Devices: Prevent users from installing printer drivers
Updated: November 15, 2012
Applies To: Windows Server 2003, Windows Vista, Windows XP, Windows Server 2008, Windows 7, Windows 8.1, Windows Server 2008 R2, Windows Server 2012 R2, Windows Server 2012, Windows 8
This security policy reference topic for the IT professional describes the best practices, location, values, and security considerations for this policy setting.
For a computer to print to a network printer, the driver for that network printer must be installed on the local computer. The Devices: Prevent users from installing printer drivers policy setting determines who can install a printer driver as part of adding a network printer. When you set the value to Enabled, only Administrators and Power Users can install a printer driver as part of adding a network printer. Setting the value to Disabled allows any user to install a printer driver as part of adding a network printer. This setting prevents unprivileged users from downloading and installing an untrusted printer driver.
This setting has no impact if an administrator has configured a trusted path for downloading drivers. When using trusted paths, the print subsystem attempts to use the trusted path to download the driver. If the trusted path download succeeds, the driver is installed on behalf of any user. If the trusted path download fails, the driver is not installed and the network printer is not added.
Although it might be appropriate in some organizations to allow users to install printer drivers on their own workstations, this is not suitable for servers. Installing a printer driver on a server can cause the system to become less stable. Only administrators should have this user right on servers. A malicious user might deliberately try to damage the system by installing inappropriate printer drivers.

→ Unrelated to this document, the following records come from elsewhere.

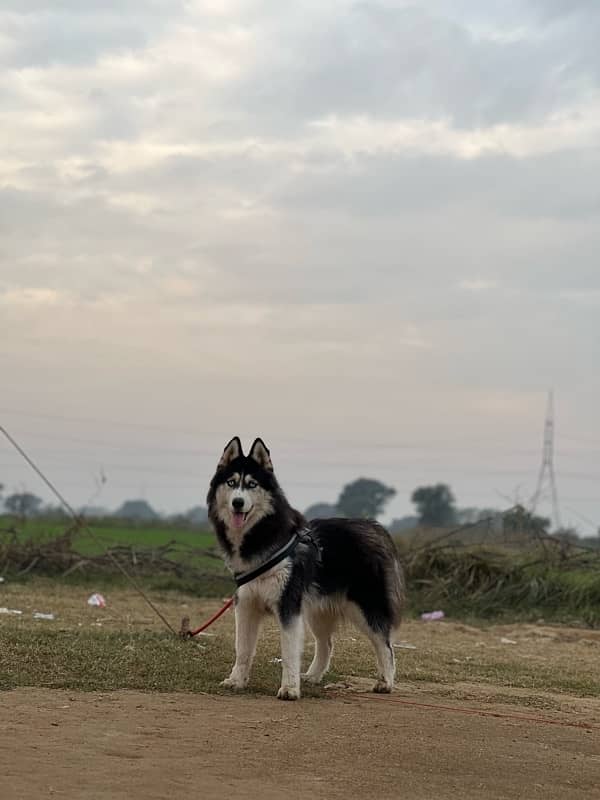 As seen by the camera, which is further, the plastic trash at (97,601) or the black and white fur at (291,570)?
the plastic trash at (97,601)

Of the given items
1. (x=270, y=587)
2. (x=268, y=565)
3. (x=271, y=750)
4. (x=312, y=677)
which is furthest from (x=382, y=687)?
(x=271, y=750)

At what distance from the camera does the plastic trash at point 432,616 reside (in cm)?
1886

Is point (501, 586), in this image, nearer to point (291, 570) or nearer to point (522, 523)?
point (522, 523)

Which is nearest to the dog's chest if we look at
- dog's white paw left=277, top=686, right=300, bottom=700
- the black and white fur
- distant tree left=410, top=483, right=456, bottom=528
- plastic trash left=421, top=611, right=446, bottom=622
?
the black and white fur

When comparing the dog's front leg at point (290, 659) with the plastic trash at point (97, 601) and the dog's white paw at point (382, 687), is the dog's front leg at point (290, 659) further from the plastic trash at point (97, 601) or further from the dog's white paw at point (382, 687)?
the plastic trash at point (97, 601)

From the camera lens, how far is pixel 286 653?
9.30 m

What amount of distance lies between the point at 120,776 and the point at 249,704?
272 cm

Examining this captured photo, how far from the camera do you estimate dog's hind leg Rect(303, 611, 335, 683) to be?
10.2m

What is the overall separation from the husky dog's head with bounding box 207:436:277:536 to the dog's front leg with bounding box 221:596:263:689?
609mm

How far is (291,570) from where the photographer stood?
9.51m

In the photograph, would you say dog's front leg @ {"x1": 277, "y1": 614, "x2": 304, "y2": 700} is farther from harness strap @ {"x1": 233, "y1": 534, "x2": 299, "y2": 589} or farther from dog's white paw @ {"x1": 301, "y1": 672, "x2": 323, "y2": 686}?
dog's white paw @ {"x1": 301, "y1": 672, "x2": 323, "y2": 686}

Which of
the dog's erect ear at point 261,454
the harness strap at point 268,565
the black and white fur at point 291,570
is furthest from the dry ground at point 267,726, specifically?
the dog's erect ear at point 261,454

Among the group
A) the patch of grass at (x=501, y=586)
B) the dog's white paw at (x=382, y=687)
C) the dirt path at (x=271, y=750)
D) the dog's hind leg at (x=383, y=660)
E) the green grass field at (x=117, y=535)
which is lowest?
the dirt path at (x=271, y=750)

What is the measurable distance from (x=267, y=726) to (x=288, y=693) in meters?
1.25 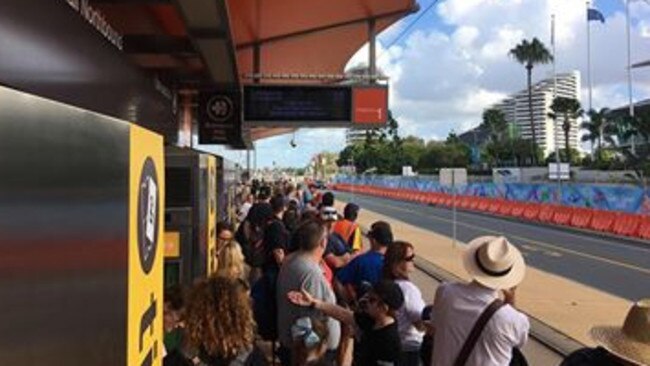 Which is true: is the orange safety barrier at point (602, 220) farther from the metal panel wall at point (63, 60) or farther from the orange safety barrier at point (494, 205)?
the metal panel wall at point (63, 60)

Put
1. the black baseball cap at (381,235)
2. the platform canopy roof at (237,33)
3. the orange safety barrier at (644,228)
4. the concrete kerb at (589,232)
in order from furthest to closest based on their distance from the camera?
the orange safety barrier at (644,228)
the concrete kerb at (589,232)
the platform canopy roof at (237,33)
the black baseball cap at (381,235)

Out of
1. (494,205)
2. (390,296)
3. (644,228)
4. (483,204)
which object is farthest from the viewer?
(483,204)

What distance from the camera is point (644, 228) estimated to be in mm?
30125

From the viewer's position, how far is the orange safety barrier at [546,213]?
38562 millimetres

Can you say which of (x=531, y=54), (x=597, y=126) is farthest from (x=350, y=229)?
(x=597, y=126)

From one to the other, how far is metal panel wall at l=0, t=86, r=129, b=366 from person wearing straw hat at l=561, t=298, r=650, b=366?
5.57 ft

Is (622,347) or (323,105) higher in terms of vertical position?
(323,105)

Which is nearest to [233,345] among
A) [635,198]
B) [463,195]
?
[635,198]

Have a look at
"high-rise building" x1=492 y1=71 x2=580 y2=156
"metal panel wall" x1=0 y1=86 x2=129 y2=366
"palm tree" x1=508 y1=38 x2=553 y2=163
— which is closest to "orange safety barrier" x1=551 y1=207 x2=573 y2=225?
"metal panel wall" x1=0 y1=86 x2=129 y2=366

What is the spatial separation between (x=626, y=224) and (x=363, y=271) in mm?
27505

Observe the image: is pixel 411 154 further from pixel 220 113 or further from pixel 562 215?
pixel 220 113

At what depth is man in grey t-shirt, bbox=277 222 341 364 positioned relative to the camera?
5504mm

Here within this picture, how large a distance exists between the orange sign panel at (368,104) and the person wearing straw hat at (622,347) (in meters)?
11.2

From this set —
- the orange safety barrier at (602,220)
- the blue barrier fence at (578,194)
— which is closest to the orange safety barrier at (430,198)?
the blue barrier fence at (578,194) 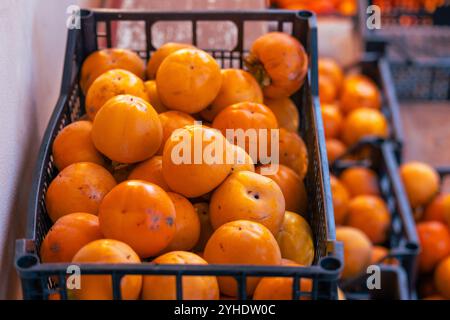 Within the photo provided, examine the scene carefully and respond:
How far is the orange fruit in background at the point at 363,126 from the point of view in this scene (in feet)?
9.37

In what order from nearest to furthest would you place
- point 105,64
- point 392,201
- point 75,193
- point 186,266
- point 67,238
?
point 186,266 < point 67,238 < point 75,193 < point 105,64 < point 392,201

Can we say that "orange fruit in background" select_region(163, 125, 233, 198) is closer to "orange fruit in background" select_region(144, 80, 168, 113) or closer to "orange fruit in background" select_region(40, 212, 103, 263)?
"orange fruit in background" select_region(40, 212, 103, 263)

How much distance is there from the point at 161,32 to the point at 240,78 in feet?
2.47

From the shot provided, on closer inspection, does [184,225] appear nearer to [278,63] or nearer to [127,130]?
[127,130]

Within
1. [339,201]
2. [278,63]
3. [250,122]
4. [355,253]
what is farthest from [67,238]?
[339,201]

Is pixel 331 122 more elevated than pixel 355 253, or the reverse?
pixel 331 122

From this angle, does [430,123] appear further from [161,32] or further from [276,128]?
[276,128]

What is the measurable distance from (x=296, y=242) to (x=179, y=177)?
0.26m

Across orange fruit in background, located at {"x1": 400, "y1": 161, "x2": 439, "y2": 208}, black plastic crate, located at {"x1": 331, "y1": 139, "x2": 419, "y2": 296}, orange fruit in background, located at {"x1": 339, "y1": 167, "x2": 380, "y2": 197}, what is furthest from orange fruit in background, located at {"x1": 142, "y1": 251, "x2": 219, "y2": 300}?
orange fruit in background, located at {"x1": 400, "y1": 161, "x2": 439, "y2": 208}

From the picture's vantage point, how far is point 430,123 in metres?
3.32

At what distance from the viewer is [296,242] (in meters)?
1.25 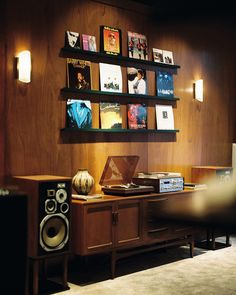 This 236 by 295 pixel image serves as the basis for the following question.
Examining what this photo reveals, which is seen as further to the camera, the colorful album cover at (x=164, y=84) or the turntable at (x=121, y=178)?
the colorful album cover at (x=164, y=84)

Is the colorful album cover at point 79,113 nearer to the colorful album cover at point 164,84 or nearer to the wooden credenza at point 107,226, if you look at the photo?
the wooden credenza at point 107,226

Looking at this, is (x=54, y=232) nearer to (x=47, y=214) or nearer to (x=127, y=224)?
(x=47, y=214)

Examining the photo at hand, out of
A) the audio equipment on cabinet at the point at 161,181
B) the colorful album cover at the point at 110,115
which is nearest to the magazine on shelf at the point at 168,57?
the colorful album cover at the point at 110,115

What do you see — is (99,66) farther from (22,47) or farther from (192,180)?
(192,180)

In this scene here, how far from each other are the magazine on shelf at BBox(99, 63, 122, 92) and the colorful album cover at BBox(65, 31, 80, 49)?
1.07ft

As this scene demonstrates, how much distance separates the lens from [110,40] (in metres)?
4.28

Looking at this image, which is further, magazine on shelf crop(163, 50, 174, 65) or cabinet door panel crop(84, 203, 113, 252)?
magazine on shelf crop(163, 50, 174, 65)

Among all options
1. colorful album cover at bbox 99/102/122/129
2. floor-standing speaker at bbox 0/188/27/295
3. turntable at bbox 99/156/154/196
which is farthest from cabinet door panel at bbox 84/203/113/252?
colorful album cover at bbox 99/102/122/129

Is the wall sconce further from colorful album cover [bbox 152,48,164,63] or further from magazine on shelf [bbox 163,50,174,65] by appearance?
colorful album cover [bbox 152,48,164,63]

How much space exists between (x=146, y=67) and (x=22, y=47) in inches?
59.0

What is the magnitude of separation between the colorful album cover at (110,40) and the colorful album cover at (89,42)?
10cm

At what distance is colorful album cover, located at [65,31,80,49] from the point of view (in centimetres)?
393

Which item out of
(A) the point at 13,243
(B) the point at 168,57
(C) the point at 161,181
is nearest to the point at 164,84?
(B) the point at 168,57

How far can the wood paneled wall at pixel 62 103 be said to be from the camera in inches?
142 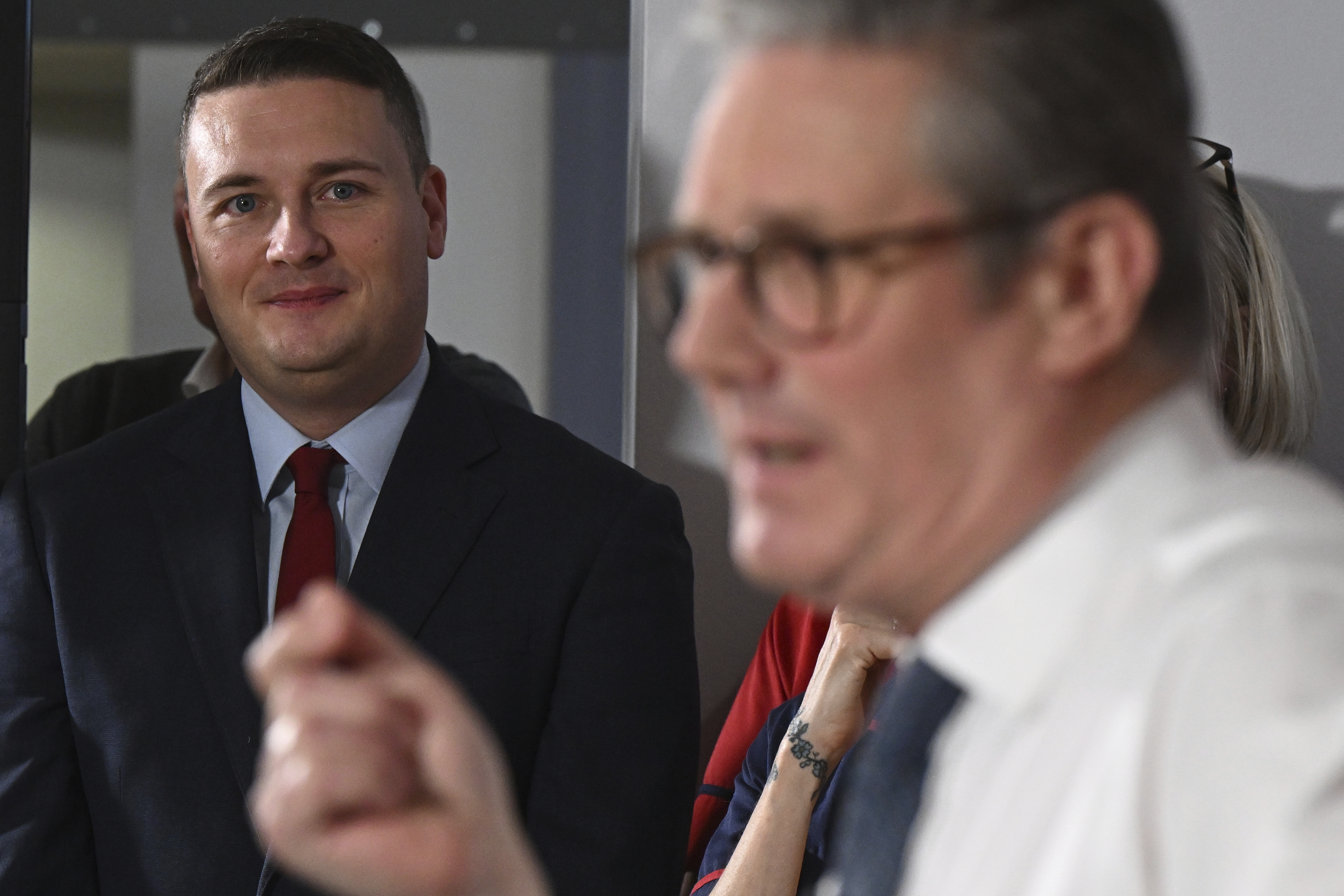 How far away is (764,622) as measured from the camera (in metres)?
2.13

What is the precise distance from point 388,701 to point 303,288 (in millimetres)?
1080

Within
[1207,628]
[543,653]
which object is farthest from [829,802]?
[1207,628]

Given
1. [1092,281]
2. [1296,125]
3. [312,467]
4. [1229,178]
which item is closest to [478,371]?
[312,467]

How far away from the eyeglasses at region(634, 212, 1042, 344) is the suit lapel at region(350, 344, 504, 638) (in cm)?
100

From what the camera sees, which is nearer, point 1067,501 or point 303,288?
point 1067,501

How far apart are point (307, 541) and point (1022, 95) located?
1.18 m

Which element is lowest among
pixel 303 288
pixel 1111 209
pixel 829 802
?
pixel 829 802

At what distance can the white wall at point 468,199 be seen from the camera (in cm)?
211

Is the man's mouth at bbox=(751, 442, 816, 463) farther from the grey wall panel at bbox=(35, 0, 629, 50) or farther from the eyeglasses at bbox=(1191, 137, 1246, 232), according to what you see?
the grey wall panel at bbox=(35, 0, 629, 50)

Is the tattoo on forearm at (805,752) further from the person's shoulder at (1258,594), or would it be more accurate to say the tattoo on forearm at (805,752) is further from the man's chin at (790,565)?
the person's shoulder at (1258,594)

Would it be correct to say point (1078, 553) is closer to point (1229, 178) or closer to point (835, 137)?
Result: point (835, 137)

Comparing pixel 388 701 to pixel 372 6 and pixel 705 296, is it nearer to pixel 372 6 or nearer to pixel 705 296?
Answer: pixel 705 296

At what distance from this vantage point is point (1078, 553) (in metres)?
0.61

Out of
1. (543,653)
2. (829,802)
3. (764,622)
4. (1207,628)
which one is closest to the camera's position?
(1207,628)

It is advisable to set Devices: Prevent users from installing printer drivers to Enabled. Only users in the Administrative, Power User, or Server Operator groups will be able to install printers on servers. If this policy setting is enabled, but the driver for a network printer already exists on the local computer, users can still add the network printer. This policy setting does not affect a user's ability to add a local printer.
GPO_name\Computer Configuration\Windows Settings\Security Settings\Local Policies\Security Options
The following table lists the actual and effective default values for this policy. Default values are also listed on the policy’s property page.
Server type or GPO
Default Domain Policy
Default Domain Controller Policy
Stand-Alone Server Default Settings
DC Effective Default Settings
Member Server Effective Default Settings
Client Computer Effective Default Settings
This section describes features and tools that are available to help you manage this policy.
None. Changes to this policy become effective without a computer restart when they are saved locally or distributed through Group Policy.
This section describes how an attacker might exploit a feature or its configuration, how to implement the countermeasure, and the possible negative consequences of countermeasure implementation.
It may be appropriate in some organizations to allow users to install printer drivers on their own workstations. However, you should allow only administrators, not users, to do so on servers because printer driver installation on a server may unintentionally cause the computer to become less stable. A malicious user could install inappropriate printer drivers in a deliberate attempt to damage the computer, or a user might accidentally install malicious software that masquerades as a printer driver.
Enable the Devices: Prevent users from installing printer drivers setting.
Only members of the Administrator, Power Users, or Server Operator groups can install printers on the servers. If this policy setting is enabled but the driver for a network printer already exists on the local computer, users can still add the network printer.